# More Z4 autox ruminations



## EdCT (Mar 14, 2002)

Last weekend, I had the Z4 out for a second time at one of cart's (www.cartct.com) test and tune days.

I'm having fun with the Z4 as I'm learning its (and my) strengths and weaknesses.

Sport button on, manual mode on the step, mash the go pedal and your eyes sink back in your head - it's a nice feeling, launches like this, after last year's season of discontent off the line with the E46.

First turn was a 540 degree skid pad (one and a half times around a circle), the Z4's really good here, I could tighten up the line (circle) with the throttle and a slight adjustment of the steering wheel - around the circle was pretty fast indeed, got some good time here.

Slaloms were fast, no brakes, just about flat out (the last gate was always a bit scary though).

The downhill, off camber sweeper was a problem - here, the Z4's tail just kept wanting to come out - I finally found a solution in the engagement of the first level of DTC.

There were also a couple of moments where the car would understeer more than I thought appropriate.

Overall, it was a great day, I was pretty fast and clean, my best was a 75 while the two FTD's were just under 70 - I was beating guys on racing tires with my standard runflats. That felt good, but who knows, they may have been pretty sucky (I'm not supposed to care about this stuff, but who can help it?).

However, the runflats seemed to like to slide quite a lot, it was cold and the lot was sandy, but still, grip was relatively poor.
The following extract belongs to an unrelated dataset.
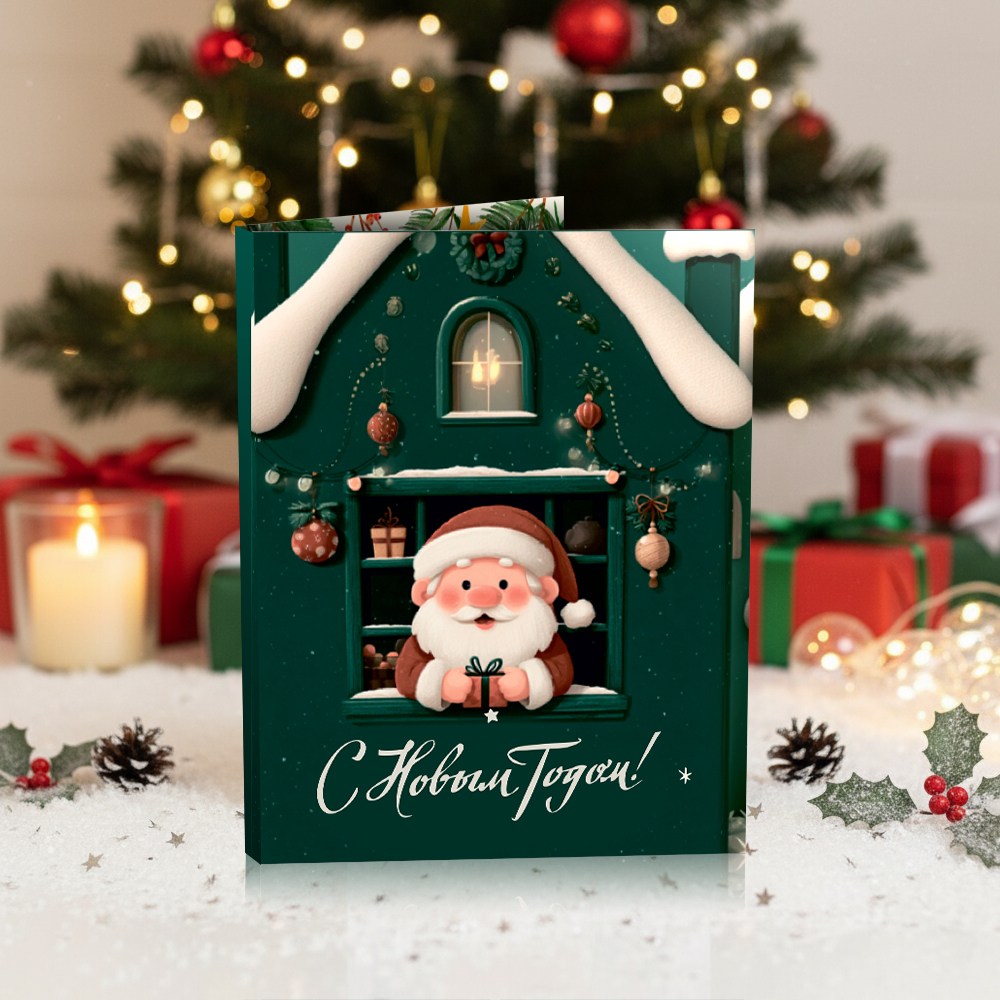 Мини-открытка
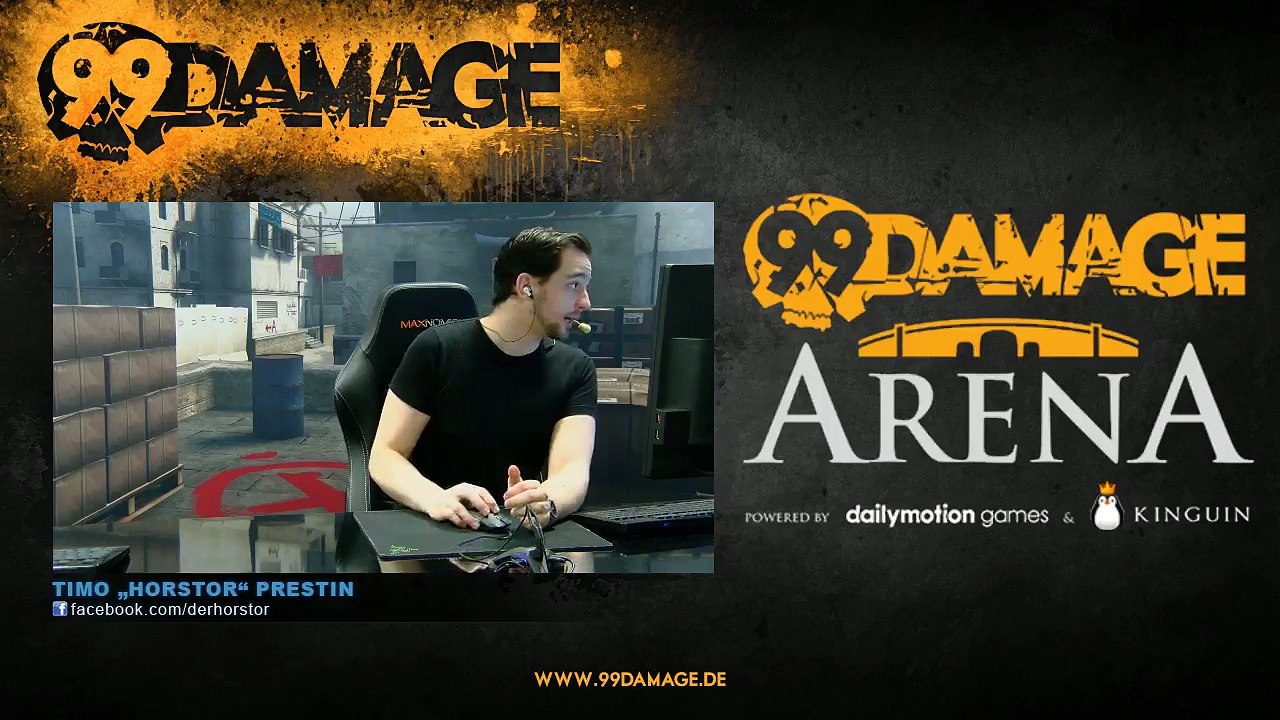 99DAMAGE Arena #11 mit Horstor - German Stream (REPLAY) (2015-08-04 18:43:53 - 2015-08-04 22:08:59)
One of the Z3 guys felt I could pick up at least two seconds if I switched out the run flats............yes, but it's another 800 to 1000 bucks and there we go again $$$

Ed


----------



## cenotaph (Dec 19, 2001)

EdCT said:


> One of the Z3 guys felt I could pick up at least two seconds if I switched out the run flats............yes, but it's another 800 to 1000 bucks and there we go again $$$
> 
> Ed


Maybe, but if those run flats are like the ones on the E90, they go for ~$350 each. That's not cheap either.


----------